虽然我确信其他人可以给你一个更好的答案,但这样做会有所帮助。
require(plyr)
diffWeek <- function (df) {
abs(df$date[1] - df$date[2])}
eightWeeks <- 7*8 # 56 days
aux.data <- ddply(data, "lastName", function (df) diffWeek(df) > eightWeeks)
data[data$lastName %in% aux.data[aux.data[,2]==T,1],] # this willreturn the data.frame.
Note that my answer doesn't generalize well. If I have more time I'll try to generalize it. But it should work for now.
请注意,我的答案并不能很好地概括。如果我有更多的时间,我会尝试概括它。但它现在应该有效。
#1
1
How about:
怎么样:
maxDiff <- tapply(data$date,data$personID,function(x) max(dist(x)))
subset(data,personID %in% names(maxDiff[maxDiff>(8*7)]))
id personID lastName date status
1 1 1 james 2012-01-12 1
4 4 4 mary 2012-01-16 1
5 5 4 mary 2012-04-12 1
8 8 1 james 2011-06-24 1
#2
0
This will do the trick, though I'm sure someone else can give you a better answer.

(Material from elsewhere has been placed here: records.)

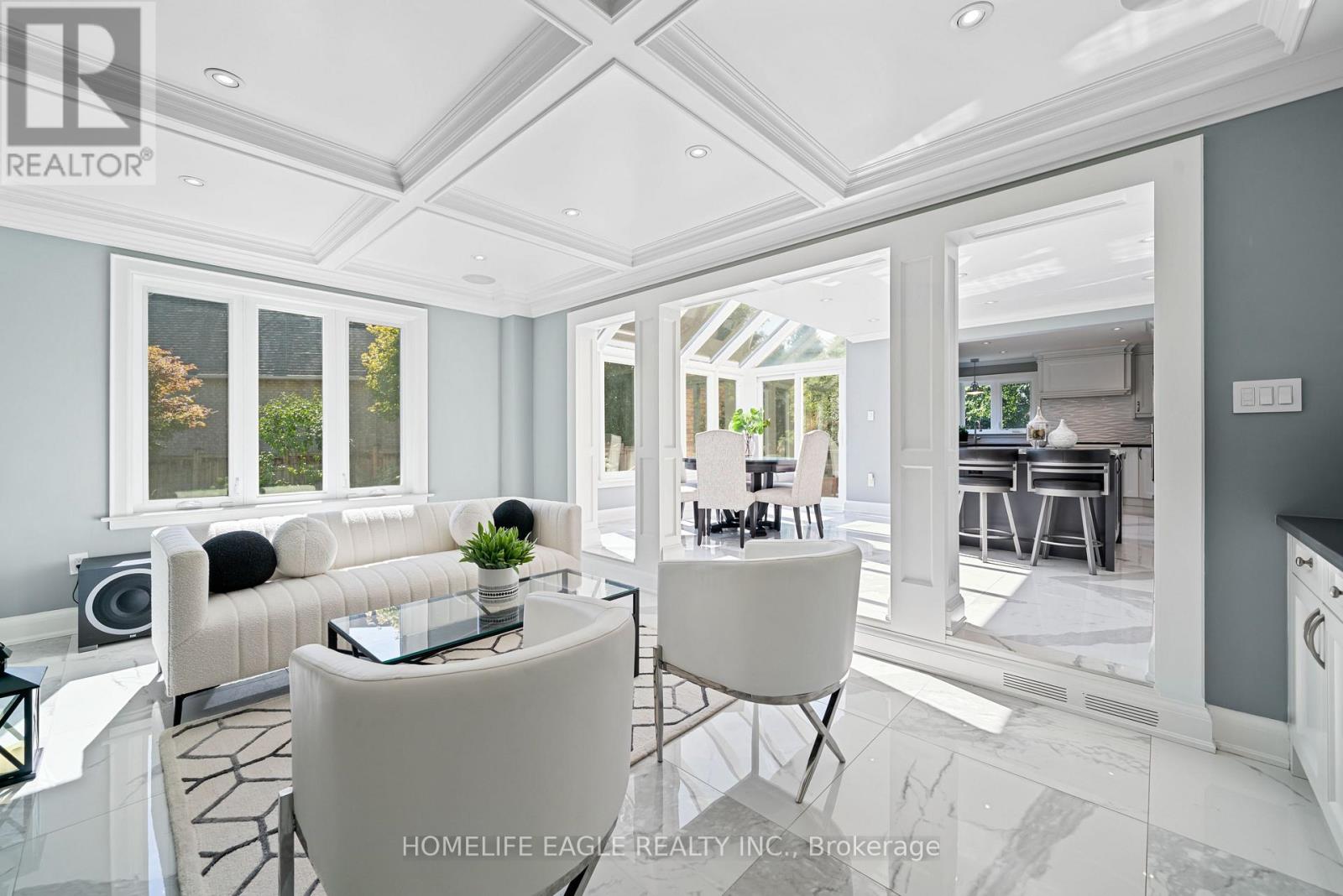 31 Modesto Gardens, Vaughan, Ontario  L4L 8C9 - Photo 6 - N12543116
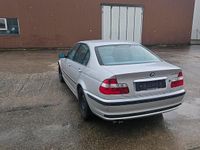 Gebraucht BMW 320 150 PS (110 kW) 1998 Silber Limousine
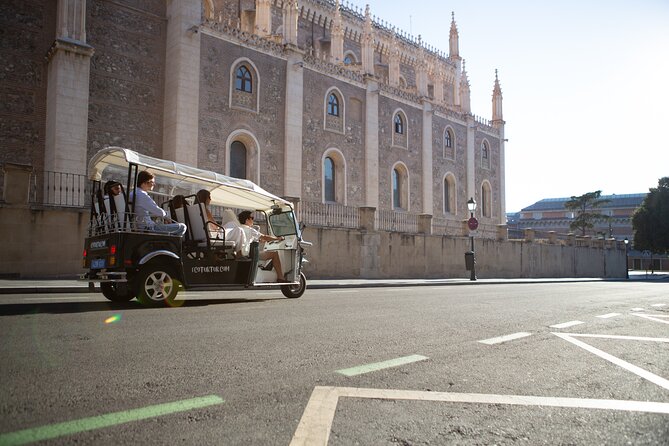 Madrid Welcome Tour with Local Guide in Eco Tuk Tuk Private - FAQ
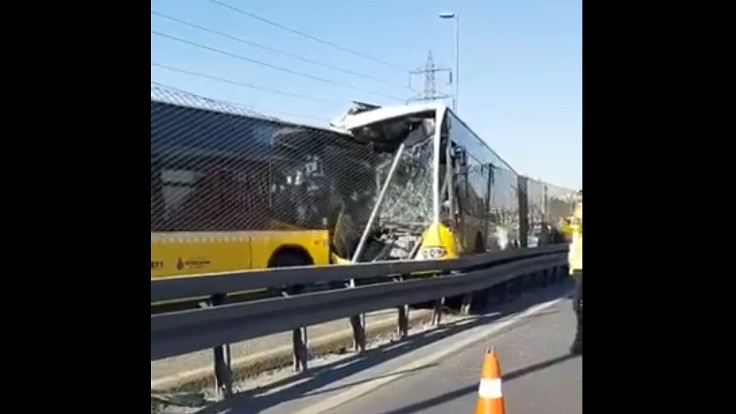 Avcılar'da metrobüs kazası: Dört yaralı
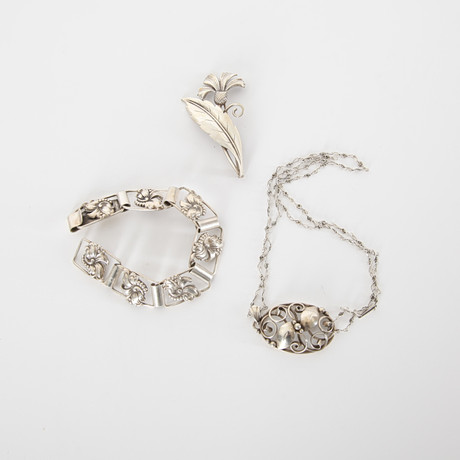 SILVERSMYCKEN, 3 delar, halsband med hänge, armband och brosch, bl a Hugo Grün Danmark, 1900-talet mitt. på auktion hos Auktionsverket Engelholm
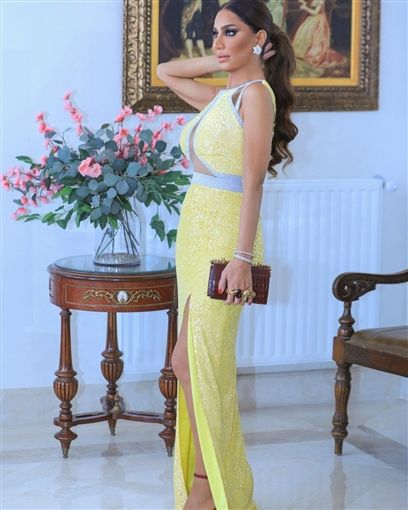 بسمة وهبة بفستان مفتوح علي البحري – شاهد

虽然我确信其他人可以给你一个更好的答案,但这样做会有所帮助。
require(plyr)
diffWeek <- function (df) {
abs(df$date[1] - df$date[2])}
eightWeeks <- 7*8 # 56 days
aux.data <- ddply(data, "lastName", function (df) diffWeek(df) > eightWeeks)
data[data$lastName %in% aux.data[aux.data[,2]==T,1],] # this willreturn the data.frame.
Note that my answer doesn't generalize well. If I have more time I'll try to generalize it. But it should work for now.
请注意,我的答案并不能很好地概括。如果我有更多的时间,我会尝试概括它。但它现在应该有效。